Giving Compass' Take:

• Andrew Post explains how trauma from Adverse Childhood Experiences impact students and why teachers and parents need to step to help children overcome these challenges. 

• How can philanthropists support teachers who are trying to help students overcome trauma? 

• Find out how to support early childhood mental health


As a former high school teacher, school site administrator, and assistant superintendent, and as the father of two school-age children, I have seen how interventions (or the lack thereof) have failed mentally ill youth. It saddens me to admit that in a more than decade-long career as an educator working in two large urban school districts, I hadn’t heard the term Adverse Childhood Experiences. But I was deeply familiar with outcomes left untreated. You likely are, too.

Children who fall into this category have been directly exposed to violence and abuse in their households, in their communities, or both. They often come from poverty, living in a single-parent home, and it is not uncommon for one of the parents or caregivers to have been incarcerated. These children, when they do attend school, are often challenging kids with disruptive or undesirable behaviors. Severe trauma has defined their childhood and shaped their thoughts and actions.

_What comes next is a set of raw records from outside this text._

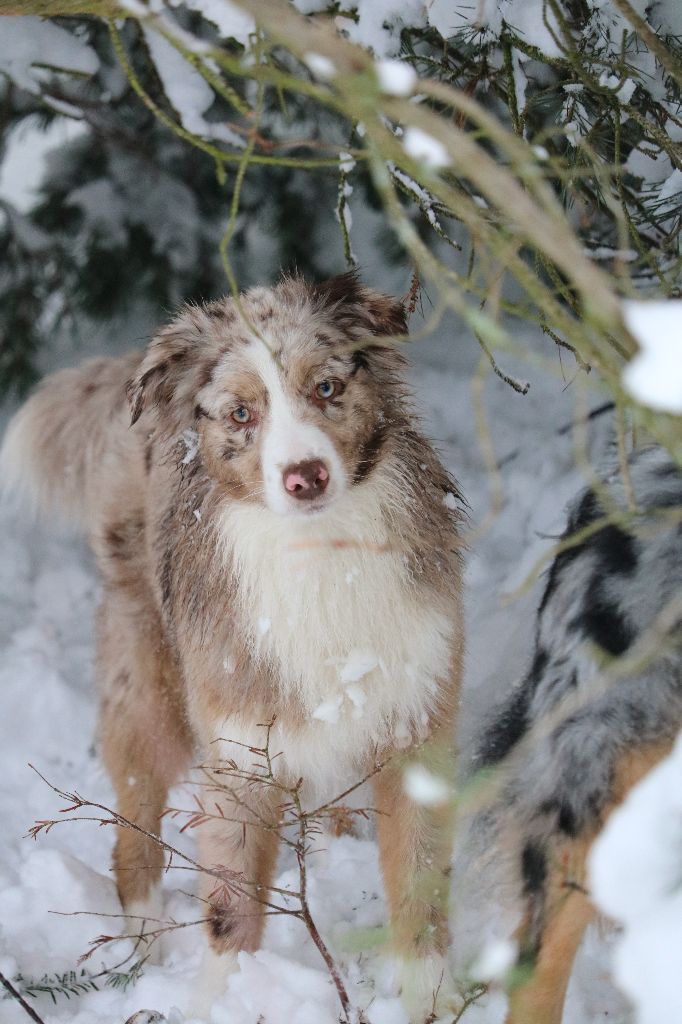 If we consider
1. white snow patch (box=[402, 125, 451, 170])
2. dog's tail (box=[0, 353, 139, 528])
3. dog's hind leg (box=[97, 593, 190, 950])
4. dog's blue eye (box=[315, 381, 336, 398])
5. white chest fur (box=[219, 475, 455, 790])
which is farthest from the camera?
dog's tail (box=[0, 353, 139, 528])

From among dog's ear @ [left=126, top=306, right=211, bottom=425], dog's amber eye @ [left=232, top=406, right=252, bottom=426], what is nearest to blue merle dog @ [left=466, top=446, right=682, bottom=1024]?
dog's amber eye @ [left=232, top=406, right=252, bottom=426]

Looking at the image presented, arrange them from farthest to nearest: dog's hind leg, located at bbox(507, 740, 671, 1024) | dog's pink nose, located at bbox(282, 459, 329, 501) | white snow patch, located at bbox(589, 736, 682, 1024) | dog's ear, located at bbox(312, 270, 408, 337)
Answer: dog's ear, located at bbox(312, 270, 408, 337) < dog's pink nose, located at bbox(282, 459, 329, 501) < dog's hind leg, located at bbox(507, 740, 671, 1024) < white snow patch, located at bbox(589, 736, 682, 1024)

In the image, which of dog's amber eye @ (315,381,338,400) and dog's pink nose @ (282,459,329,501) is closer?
dog's pink nose @ (282,459,329,501)

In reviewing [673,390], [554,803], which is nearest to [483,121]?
[673,390]

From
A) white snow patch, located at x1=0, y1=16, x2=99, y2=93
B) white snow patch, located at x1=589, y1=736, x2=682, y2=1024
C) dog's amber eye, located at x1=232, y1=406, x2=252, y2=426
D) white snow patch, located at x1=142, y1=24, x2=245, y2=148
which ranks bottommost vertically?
white snow patch, located at x1=589, y1=736, x2=682, y2=1024

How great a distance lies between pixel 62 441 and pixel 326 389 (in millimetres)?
1768

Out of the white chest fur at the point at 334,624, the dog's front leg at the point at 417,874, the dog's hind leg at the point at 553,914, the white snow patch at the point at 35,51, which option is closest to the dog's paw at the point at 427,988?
the dog's front leg at the point at 417,874

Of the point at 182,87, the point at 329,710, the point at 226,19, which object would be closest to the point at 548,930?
the point at 329,710

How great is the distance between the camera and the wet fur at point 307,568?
2.92m

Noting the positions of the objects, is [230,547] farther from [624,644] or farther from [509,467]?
[509,467]

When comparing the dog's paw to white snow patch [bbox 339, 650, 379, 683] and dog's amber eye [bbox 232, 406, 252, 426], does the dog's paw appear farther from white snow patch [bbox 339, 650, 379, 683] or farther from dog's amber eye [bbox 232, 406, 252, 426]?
dog's amber eye [bbox 232, 406, 252, 426]

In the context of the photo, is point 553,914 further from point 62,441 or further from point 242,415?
point 62,441

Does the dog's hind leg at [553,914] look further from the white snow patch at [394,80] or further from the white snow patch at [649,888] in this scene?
the white snow patch at [394,80]

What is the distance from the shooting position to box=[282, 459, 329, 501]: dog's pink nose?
2590mm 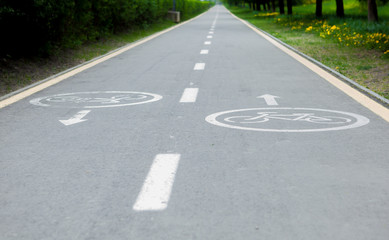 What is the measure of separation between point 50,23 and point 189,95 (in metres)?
7.19

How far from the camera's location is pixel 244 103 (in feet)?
29.9

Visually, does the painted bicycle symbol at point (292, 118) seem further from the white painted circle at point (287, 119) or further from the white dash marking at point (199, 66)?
the white dash marking at point (199, 66)

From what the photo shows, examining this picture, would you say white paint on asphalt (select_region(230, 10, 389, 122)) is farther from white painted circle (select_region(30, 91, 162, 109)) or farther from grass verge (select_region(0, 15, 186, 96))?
grass verge (select_region(0, 15, 186, 96))

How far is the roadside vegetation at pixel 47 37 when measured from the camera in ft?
43.5

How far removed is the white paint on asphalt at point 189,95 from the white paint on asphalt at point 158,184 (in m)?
3.71

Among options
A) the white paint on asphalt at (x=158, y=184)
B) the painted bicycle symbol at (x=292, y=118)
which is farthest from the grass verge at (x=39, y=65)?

The direct connection between Adverse Childhood Experiences and risky behavior, juvenile justice, recidivism, chronic illness, and death is indisputable. A child with four or more exposures is 20 times as likely to attempt suicide, 2.5 times as likely to smoke, and 6 times as likely to have a drinking problem. The Florida Department of Juvenile Justice reports that approximately 50 percent of youth offenders had four or more of these experiences.

Schools have resources to support students — counselors, social workers, psychologists — but what they really need is an effective, programmatic approach to identifying, assessing, intervening, and coordinating these services in a way that provides meaningful outcomes for students.